The Yangzhou University Professor said that, "scientific use of medications is still the last word." He went on to emphasize that the ban on antibiotics in feed is a signal to farmers to concentrate on raising animal health and nutrition, adjusting feed nutrition plans, and choosing new types of "green" additives. Farmers must improve farm management and biosafety and build a program to replace antibiotics.

A survey of 100 feed companies by China's Feed Information Network in October found that feed manufacturers were "relatively calm" in the face of the coming ban and exploring antibiotic-free products. Nine percent said they were under pressure from the ban and 61 percent of companies said they were under "some pressure," while 30 percent said they were not under pressure. Forty-three percent of feed companies said they already have antibiotic-free products on the market, 45 percent said they are still doing R&D but have no products on sale, and 12 percent said they are looking into it.

Most feed manufacturers anticipated an increase in feed costs after the ban takes effect. The most common estimate was an increase of 30-100 yuan/tonne (by 64% of respondents), which translates to roughly 1-3 percent based on average prices for compound feeds and less than 1 percent for feed additives. Over 20 percent thought the increase would be more than 100 yuan/tonne, including nearly 5 percent who said the price would rise more than 300 yuan/tonne. Only 12 percent thought there would be no change.

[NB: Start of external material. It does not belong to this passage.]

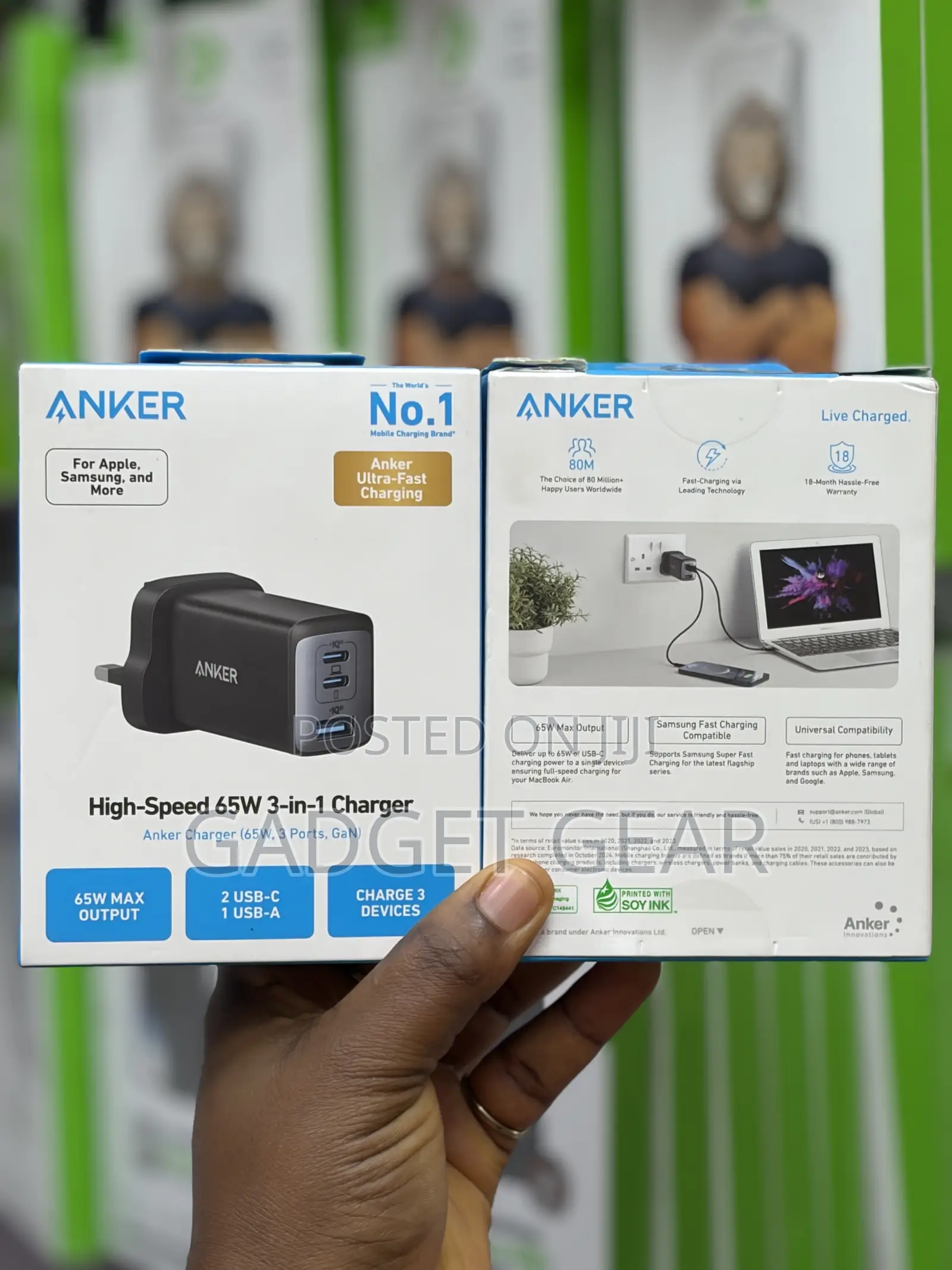 Original Anker 65w 3-in-1 Fast Charger (2 Usb-C + 1 Usb-A) Gan Charger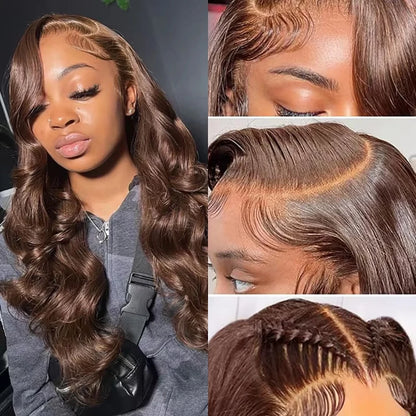 LaceLux Chocolate Brown HD Lace Wig – Body Wave Human Hair - LaceLuxWigs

Chinese feed manufacturers' estimates of increase in feed costs after ban on sub-therapeutic antibiotics
Yuan/tonne Percent of responses
No change 11.4%
10-30 yuan 4.6%
30-100 yuan 63.6%
100-200 yuan 6.8%
200-300 yuan 9.1%
over 300 yuan 4.6%
China feed industry information net survey of 100 feed manufacturers.

Acidifiers were the product most often identified as a substitute for antibiotics. Probiotics were identified by 67.8%; functional enzyme preparations by 62.7%; plant-based essential oils by 59.3%; plant extracts by 52.5%; antibacterial peptides by 45.76%; Chinese herbal preparations by 39%; medium/short-chain fatty acids and yeast products 37.3%; and oligosaccharides by 28.8%.